31 C0 FF C0 31 F6 6A 0A 59 50 99 F7 F9 29 D6 01 C2 75 F7 58 89 C1 50 F7 F9 58 83 EA 01 99 11 D6 E2 F4 19 D7 79 DC C3

Try it online!

Following the standard calling convention for Unix-like systems (from the System V AMD64 ABI), this takes a number n in EDI and returns the 0-indexed nth number where the digit sum equals the number of factors in EAX.

In assembly:

f:  xor eax, eax    # Set EAX to 0. EAX will be the number currently being tested.
nextnum:
    inc eax         # Increase EAX by 1.
    xor esi, esi    # Set ESI to 0.
    push 10; pop rcx# Set RCX (the 64-bit register containing ECX) to 10.
    push rax        # Save the value of RAX (containing EAX) onto the stack.
digitloop:
    cdq             # Set EDX to 0 by sign-extending EAX.
    idiv ecx        # Divide EDX:EAX by ECX (10).
                    # The quotient goes in EAX and the remainder goes in EDX.

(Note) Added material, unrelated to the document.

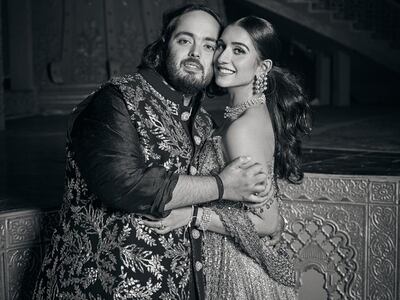 Anant Ambani and Radhika Merchant at their pre-wedding event in Jamnagar, dressed by Manish Malhotra. Photo: Manish Malhotra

    sub esi, edx    # Subtract EDX (the remainder; a digit of the number) from ESI.
    add edx, eax    # Add EAX to EDX.
    jnz digitloop   # Jump back if the result of the addition is nonzero.

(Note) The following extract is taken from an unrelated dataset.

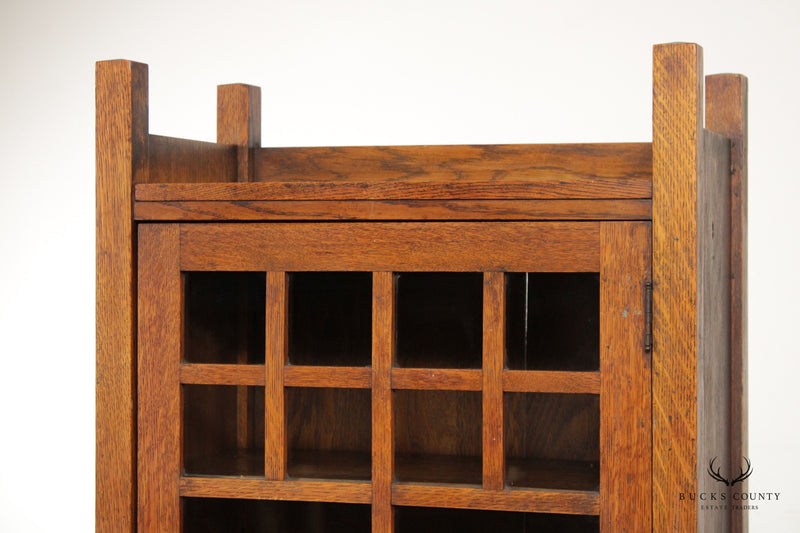 Lifetime Antique Mission Oak Glass Door Bookcase Cabinet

            # This loop will exit when the quotient and remainder are both zero.
            # This performs one more iteration than otherwise necessary,
            # so that EDX will be 0 after the loop, which will be useful later.

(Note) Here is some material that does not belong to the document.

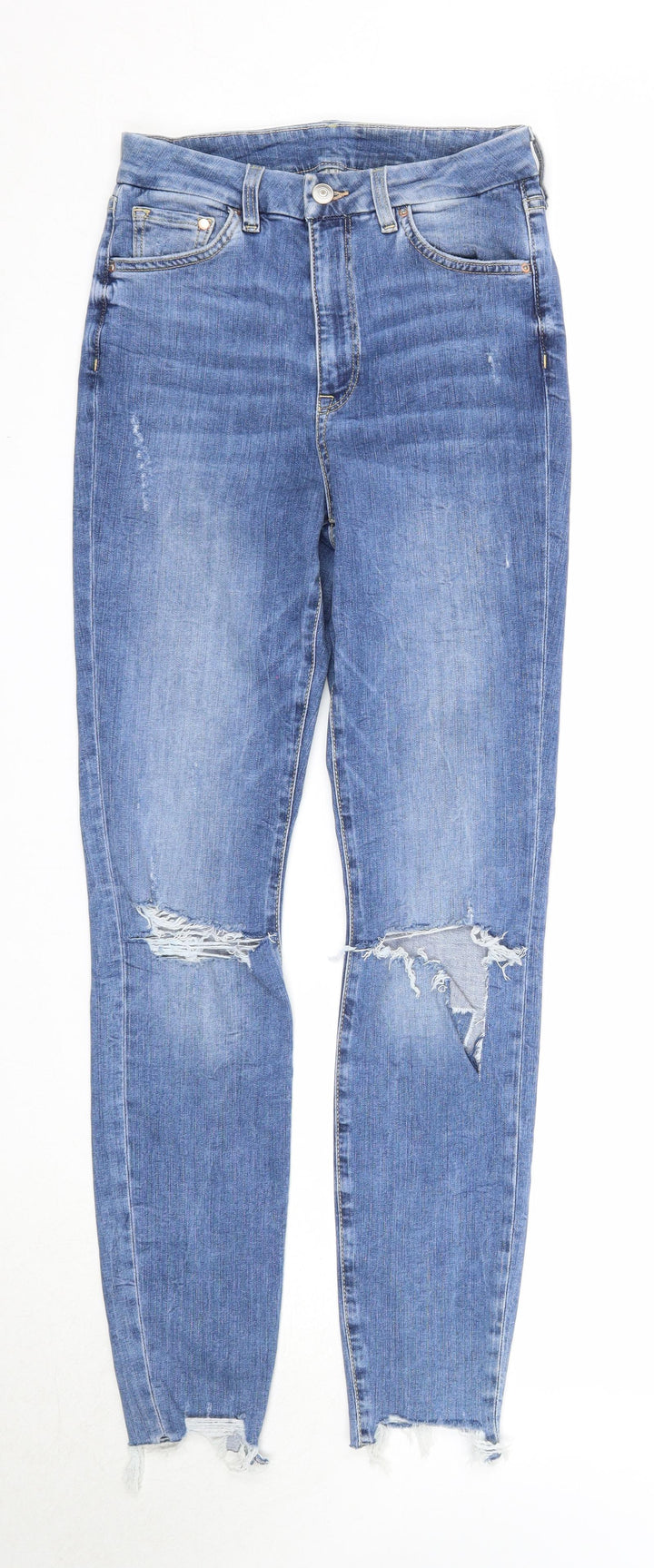 H&M Womens Blue Cotton Skinny Jeans Size 27 in Regular Zip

    pop rax         # Restore the value of RAX from the stack.
    mov ecx, eax    # Set ECX to the same value, the number being tested.
                    #  (The higher bits of RCX are automatically zeroed.)
factorloop:
    push rax        # Save the value of RAX onto the stack.
    idiv ecx        # Divide EDX:EAX by ECX; quotient in EAX, remainder in EDX.
    pop rax         # Restore the value of RAX from the stack.
    sub edx, 1      # Subtract 1 from EDX. The carry flag CF becomes 1 iff EDX=0.
    cdq             # Set EDX to 0 by sign-extending EAX.
    adc esi, edx    # Add EDX+CF to ESI, increasing it by 1 with each factor found.
    loop factorloop # Decrease RCX by 1, and jump back if it's nonzero.
    sbb edi, edx    # Subtract EDX+CF from EDI.
                    # 1 is the last value checked, and it is always a factor.
                    # Thus, the last ADC added 1 to ESI, and CF=1 iff ESI went
                    #  from -1 to 0; iff the number satisfies the condition.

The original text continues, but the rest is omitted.